- Opening Delimiter -
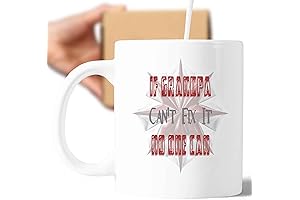 Personalized Grandparent Mug - If Grandpa Can't Fix It, No One Can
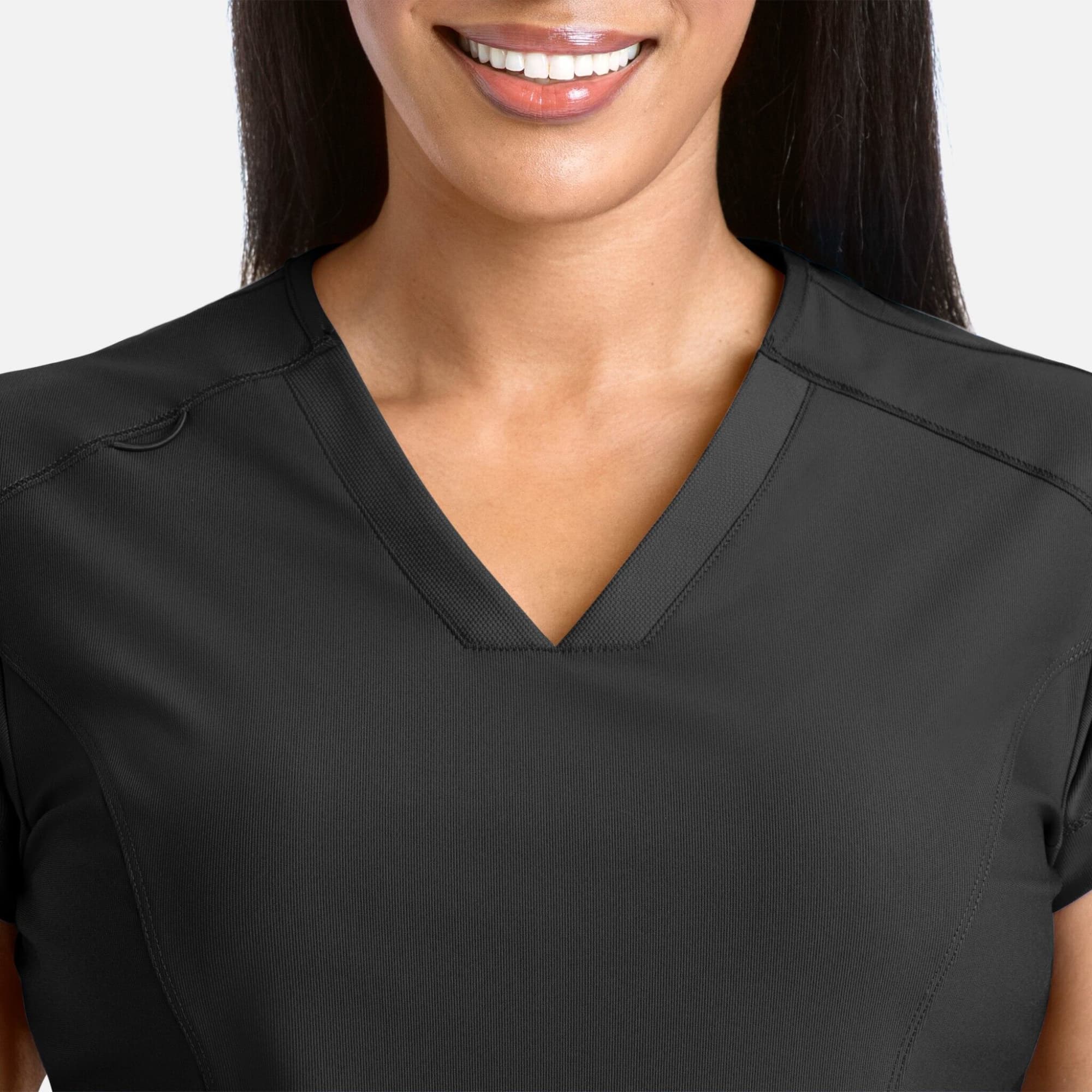 Embrace Zoe Banded V-Neck Top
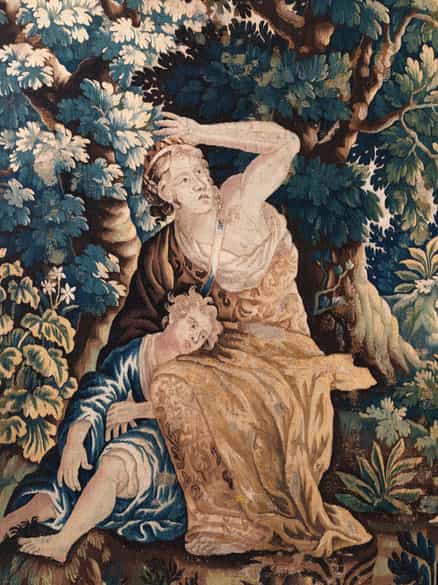 Detailabbildung: Flämischer Gobelin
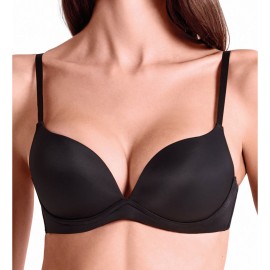 Reggiseno donna Lormar in microfibra senza ferretto con imbottitura +1 taglia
- Closing Delimiter -
Using the listing above, set down exactly each line from the one containing "Detailabbildung: Flämischer Gobelin" through the final line, and leave out pictures.

## Exercise result
 Detailabbildung: Flämischer Gobelin
 Reggiseno donna Lormar in microfibra senza ferretto con imbottitura +1 taglia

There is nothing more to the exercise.